Only one stretch of the data below is needed. Output the lines from the one with "Courr&egrave;ges Cotton Piqu&eacute;" up to and including the one with "30+ Pastel French", exactly as they stand.

***** The records *****

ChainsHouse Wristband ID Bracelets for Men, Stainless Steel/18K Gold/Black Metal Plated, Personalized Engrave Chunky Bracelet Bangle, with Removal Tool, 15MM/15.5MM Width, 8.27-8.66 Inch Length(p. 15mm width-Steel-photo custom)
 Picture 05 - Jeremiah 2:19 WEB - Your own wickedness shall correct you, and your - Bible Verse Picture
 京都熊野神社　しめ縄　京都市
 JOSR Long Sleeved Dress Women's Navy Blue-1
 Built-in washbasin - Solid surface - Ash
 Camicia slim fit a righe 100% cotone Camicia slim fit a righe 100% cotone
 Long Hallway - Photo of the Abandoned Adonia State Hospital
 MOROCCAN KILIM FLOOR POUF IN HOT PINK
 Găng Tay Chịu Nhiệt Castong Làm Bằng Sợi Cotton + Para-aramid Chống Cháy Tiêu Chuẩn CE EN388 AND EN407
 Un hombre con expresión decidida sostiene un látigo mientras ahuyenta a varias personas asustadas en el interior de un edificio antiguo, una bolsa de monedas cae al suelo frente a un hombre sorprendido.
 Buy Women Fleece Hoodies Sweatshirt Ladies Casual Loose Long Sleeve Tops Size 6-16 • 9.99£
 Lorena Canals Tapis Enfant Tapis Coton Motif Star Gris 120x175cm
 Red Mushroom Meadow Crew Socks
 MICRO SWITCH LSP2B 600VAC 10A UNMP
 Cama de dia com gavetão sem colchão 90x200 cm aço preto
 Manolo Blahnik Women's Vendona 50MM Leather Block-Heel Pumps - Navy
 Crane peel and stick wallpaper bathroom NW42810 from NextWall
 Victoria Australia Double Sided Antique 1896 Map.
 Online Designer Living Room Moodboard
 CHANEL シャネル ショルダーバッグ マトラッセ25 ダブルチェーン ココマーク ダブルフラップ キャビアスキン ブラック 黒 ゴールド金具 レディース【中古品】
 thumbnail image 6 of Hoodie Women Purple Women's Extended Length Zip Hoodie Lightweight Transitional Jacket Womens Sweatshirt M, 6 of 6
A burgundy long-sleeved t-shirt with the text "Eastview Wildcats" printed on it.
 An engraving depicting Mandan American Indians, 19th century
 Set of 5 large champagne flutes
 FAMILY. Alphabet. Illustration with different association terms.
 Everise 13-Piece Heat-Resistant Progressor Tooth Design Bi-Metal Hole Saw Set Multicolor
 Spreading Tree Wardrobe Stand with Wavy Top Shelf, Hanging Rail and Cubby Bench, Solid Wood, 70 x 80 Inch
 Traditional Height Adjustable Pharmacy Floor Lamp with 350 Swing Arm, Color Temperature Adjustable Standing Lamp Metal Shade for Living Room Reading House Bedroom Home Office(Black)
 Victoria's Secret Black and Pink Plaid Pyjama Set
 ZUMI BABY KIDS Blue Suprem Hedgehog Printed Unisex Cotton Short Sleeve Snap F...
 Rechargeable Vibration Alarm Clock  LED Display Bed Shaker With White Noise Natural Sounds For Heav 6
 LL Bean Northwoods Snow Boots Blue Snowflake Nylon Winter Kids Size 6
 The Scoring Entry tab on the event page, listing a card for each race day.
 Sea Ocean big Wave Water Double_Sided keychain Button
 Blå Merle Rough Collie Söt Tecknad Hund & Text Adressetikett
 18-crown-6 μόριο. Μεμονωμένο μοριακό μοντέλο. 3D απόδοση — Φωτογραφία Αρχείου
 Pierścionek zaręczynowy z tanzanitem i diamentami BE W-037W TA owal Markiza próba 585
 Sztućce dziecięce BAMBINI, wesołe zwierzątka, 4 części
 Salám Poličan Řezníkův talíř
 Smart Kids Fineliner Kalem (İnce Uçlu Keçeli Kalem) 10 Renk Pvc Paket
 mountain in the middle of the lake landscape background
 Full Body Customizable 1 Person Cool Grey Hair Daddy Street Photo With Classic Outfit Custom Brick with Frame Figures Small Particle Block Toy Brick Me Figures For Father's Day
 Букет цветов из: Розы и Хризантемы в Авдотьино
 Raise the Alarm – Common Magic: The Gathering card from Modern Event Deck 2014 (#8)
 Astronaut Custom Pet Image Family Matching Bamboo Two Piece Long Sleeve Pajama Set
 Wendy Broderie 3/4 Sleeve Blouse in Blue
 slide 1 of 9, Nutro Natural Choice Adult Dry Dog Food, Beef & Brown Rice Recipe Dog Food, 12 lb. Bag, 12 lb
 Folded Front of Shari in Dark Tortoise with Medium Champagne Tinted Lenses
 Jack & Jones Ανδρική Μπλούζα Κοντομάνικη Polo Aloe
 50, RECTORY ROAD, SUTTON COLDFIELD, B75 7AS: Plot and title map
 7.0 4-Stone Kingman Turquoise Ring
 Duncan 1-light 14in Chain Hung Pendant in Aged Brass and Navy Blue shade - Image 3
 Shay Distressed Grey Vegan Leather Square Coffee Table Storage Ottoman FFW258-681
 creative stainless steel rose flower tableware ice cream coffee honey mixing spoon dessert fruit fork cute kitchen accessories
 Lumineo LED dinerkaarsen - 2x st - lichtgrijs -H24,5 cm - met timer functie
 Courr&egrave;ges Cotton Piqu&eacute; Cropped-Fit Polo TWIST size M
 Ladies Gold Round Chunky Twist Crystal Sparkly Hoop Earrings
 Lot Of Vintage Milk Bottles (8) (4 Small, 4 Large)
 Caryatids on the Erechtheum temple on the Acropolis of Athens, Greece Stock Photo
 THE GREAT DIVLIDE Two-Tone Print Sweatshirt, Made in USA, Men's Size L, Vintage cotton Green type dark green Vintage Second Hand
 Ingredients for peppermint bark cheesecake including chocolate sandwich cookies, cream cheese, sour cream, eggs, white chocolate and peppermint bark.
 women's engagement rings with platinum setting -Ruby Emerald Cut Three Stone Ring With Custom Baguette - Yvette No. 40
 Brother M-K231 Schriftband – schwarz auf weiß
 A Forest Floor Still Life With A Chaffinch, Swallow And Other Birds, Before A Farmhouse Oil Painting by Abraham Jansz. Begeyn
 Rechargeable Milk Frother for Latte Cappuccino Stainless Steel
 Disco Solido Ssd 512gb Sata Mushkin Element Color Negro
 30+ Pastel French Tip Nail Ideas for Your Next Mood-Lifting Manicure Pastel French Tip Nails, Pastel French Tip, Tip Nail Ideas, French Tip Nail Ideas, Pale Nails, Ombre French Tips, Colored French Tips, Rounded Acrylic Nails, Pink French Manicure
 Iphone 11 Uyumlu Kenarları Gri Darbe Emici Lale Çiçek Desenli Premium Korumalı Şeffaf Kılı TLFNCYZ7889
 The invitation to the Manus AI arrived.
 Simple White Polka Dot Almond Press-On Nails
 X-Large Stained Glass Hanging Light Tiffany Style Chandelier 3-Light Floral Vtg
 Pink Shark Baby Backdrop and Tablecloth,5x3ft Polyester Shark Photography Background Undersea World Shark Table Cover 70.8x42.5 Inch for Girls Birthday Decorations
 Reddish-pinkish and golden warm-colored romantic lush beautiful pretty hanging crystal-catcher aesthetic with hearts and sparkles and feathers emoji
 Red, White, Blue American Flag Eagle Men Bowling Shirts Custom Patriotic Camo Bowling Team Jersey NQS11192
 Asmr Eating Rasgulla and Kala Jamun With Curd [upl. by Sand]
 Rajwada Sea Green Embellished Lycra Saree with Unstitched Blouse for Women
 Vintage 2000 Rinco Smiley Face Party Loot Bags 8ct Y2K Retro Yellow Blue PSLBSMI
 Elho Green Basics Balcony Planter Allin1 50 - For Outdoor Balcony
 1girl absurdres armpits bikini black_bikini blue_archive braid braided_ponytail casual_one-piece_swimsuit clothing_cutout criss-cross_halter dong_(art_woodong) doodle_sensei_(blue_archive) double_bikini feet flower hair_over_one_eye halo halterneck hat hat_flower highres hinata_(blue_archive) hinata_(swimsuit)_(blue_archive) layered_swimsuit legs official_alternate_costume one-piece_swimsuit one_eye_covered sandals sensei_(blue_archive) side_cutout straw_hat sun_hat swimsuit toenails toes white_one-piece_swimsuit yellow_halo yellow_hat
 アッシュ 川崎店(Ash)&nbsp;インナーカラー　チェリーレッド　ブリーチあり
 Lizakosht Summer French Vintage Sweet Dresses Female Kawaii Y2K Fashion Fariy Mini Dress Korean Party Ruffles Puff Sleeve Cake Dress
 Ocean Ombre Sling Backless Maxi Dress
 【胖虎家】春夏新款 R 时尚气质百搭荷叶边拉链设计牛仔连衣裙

*****

Solution
 Courr&egrave;ges Cotton Piqu&eacute; Cropped-Fit Polo TWIST size M
 Ladies Gold Round Chunky Twist Crystal Sparkly Hoop Earrings
 Lot Of Vintage Milk Bottles (8) (4 Small, 4 Large)
 Caryatids on the Erechtheum temple on the Acropolis of Athens, Greece Stock Photo
 THE GREAT DIVLIDE Two-Tone Print Sweatshirt, Made in USA, Men's Size L, Vintage cotton Green type dark green Vintage Second Hand
 Ingredients for peppermint bark cheesecake including chocolate sandwich cookies, cream cheese, sour cream, eggs, white chocolate and peppermint bark.
 women's engagement rings with platinum setting -Ruby Emerald Cut Three Stone Ring With Custom Baguette - Yvette No. 40
 Brother M-K231 Schriftband – schwarz auf weiß
 A Forest Floor Still Life With A Chaffinch, Swallow And Other Birds, Before A Farmhouse Oil Painting by Abraham Jansz. Begeyn
 Rechargeable Milk Frother for Latte Cappuccino Stainless Steel
 Disco Solido Ssd 512gb Sata Mushkin Element Color Negro
 30+ Pastel French Tip Nail Ideas for Your Next Mood-Lifting Manicure Pastel French Tip Nails, Pastel French Tip, Tip Nail Ideas, French Tip Nail Ideas, Pale Nails, Ombre French Tips, Colored French Tips, Rounded Acrylic Nails, Pink French Manicure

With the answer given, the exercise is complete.